What to work on >> Each of the entries should be output exactly, with nothing left out.

Exercise inputs: Begin

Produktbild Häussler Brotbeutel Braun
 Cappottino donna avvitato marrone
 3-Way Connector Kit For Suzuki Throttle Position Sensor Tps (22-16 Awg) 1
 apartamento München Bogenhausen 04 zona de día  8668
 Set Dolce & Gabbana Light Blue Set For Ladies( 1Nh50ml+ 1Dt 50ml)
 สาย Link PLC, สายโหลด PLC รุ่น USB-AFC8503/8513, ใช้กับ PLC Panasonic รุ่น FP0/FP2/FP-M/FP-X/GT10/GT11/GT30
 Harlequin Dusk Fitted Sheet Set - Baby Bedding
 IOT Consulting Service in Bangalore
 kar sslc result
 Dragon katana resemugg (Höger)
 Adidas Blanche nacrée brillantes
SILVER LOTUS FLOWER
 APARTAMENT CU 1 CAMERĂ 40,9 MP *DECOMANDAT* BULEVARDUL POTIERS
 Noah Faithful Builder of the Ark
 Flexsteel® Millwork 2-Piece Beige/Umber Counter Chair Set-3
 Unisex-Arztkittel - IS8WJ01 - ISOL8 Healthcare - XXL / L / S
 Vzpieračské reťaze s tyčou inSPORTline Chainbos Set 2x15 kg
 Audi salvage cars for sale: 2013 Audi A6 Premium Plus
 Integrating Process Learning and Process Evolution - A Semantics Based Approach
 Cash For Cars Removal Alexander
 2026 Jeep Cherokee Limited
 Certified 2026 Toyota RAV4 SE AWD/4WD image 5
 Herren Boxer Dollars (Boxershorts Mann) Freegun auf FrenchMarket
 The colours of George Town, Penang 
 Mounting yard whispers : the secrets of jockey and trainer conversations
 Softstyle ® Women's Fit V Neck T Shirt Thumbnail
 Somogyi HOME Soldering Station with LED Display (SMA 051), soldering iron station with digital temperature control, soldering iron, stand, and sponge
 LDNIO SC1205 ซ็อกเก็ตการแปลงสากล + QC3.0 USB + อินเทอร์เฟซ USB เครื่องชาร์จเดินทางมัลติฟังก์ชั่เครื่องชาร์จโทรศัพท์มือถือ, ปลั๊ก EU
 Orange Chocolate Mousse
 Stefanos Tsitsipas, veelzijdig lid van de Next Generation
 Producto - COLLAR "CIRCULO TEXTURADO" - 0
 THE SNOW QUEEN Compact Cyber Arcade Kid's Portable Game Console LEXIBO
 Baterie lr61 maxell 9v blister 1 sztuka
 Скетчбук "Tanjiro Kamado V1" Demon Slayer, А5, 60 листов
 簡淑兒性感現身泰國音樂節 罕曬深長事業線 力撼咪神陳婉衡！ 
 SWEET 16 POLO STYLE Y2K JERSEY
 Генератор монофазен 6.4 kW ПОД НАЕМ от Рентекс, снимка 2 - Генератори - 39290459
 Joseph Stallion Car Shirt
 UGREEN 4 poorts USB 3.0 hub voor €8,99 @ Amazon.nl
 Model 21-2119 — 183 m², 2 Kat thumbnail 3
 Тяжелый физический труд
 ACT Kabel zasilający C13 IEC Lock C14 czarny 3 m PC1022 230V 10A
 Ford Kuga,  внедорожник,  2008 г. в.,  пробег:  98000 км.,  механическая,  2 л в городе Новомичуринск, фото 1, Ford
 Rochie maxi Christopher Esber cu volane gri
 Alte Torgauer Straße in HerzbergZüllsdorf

Exercise inputs: End

Output >>
Produktbild Häussler Brotbeutel Braun
 Cappottino donna avvitato marrone
 3-Way Connector Kit For Suzuki Throttle Position Sensor Tps (22-16 Awg) 1
 apartamento München Bogenhausen 04 zona de día  8668
 Set Dolce & Gabbana Light Blue Set For Ladies( 1Nh50ml+ 1Dt 50ml)
 สาย Link PLC, สายโหลด PLC รุ่น USB-AFC8503/8513, ใช้กับ PLC Panasonic รุ่น FP0/FP2/FP-M/FP-X/GT10/GT11/GT30
 Harlequin Dusk Fitted Sheet Set - Baby Bedding
 IOT Consulting Service in Bangalore
 kar sslc result
 Dragon katana resemugg (Höger)
 Adidas Blanche nacrée brillantes
SILVER LOTUS FLOWER
 APARTAMENT CU 1 CAMERĂ 40,9 MP *DECOMANDAT* BULEVARDUL POTIERS
 Noah Faithful Builder of the Ark
 Flexsteel® Millwork 2-Piece Beige/Umber Counter Chair Set-3
 Unisex-Arztkittel - IS8WJ01 - ISOL8 Healthcare - XXL / L / S
 Vzpieračské reťaze s tyčou inSPORTline Chainbos Set 2x15 kg
 Audi salvage cars for sale: 2013 Audi A6 Premium Plus
 Integrating Process Learning and Process Evolution - A Semantics Based Approach
 Cash For Cars Removal Alexander
 2026 Jeep Cherokee Limited
 Certified 2026 Toyota RAV4 SE AWD/4WD image 5
 Herren Boxer Dollars (Boxershorts Mann) Freegun auf FrenchMarket
 The colours of George Town, Penang 
 Mounting yard whispers : the secrets of jockey and trainer conversations
 Softstyle ® Women's Fit V Neck T Shirt Thumbnail
 Somogyi HOME Soldering Station with LED Display (SMA 051), soldering iron station with digital temperature control, soldering iron, stand, and sponge
 LDNIO SC1205 ซ็อกเก็ตการแปลงสากล + QC3.0 USB + อินเทอร์เฟซ USB เครื่องชาร์จเดินทางมัลติฟังก์ชั่เครื่องชาร์จโทรศัพท์มือถือ, ปลั๊ก EU
 Orange Chocolate Mousse
 Stefanos Tsitsipas, veelzijdig lid van de Next Generation
 Producto - COLLAR "CIRCULO TEXTURADO" - 0
 THE SNOW QUEEN Compact Cyber Arcade Kid's Portable Game Console LEXIBO
 Baterie lr61 maxell 9v blister 1 sztuka
 Скетчбук "Tanjiro Kamado V1" Demon Slayer, А5, 60 листов
 簡淑兒性感現身泰國音樂節 罕曬深長事業線 力撼咪神陳婉衡！ 
 SWEET 16 POLO STYLE Y2K JERSEY
 Генератор монофазен 6.4 kW ПОД НАЕМ от Рентекс, снимка 2 - Генератори - 39290459
 Joseph Stallion Car Shirt
 UGREEN 4 poorts USB 3.0 hub voor €8,99 @ Amazon.nl
 Model 21-2119 — 183 m², 2 Kat thumbnail 3
 Тяжелый физический труд
 ACT Kabel zasilający C13 IEC Lock C14 czarny 3 m PC1022 230V 10A
 Ford Kuga,  внедорожник,  2008 г. в.,  пробег:  98000 км.,  механическая,  2 л в городе Новомичуринск, фото 1, Ford
 Rochie maxi Christopher Esber cu volane gri
 Alte Torgauer Straße in HerzbergZüllsdorf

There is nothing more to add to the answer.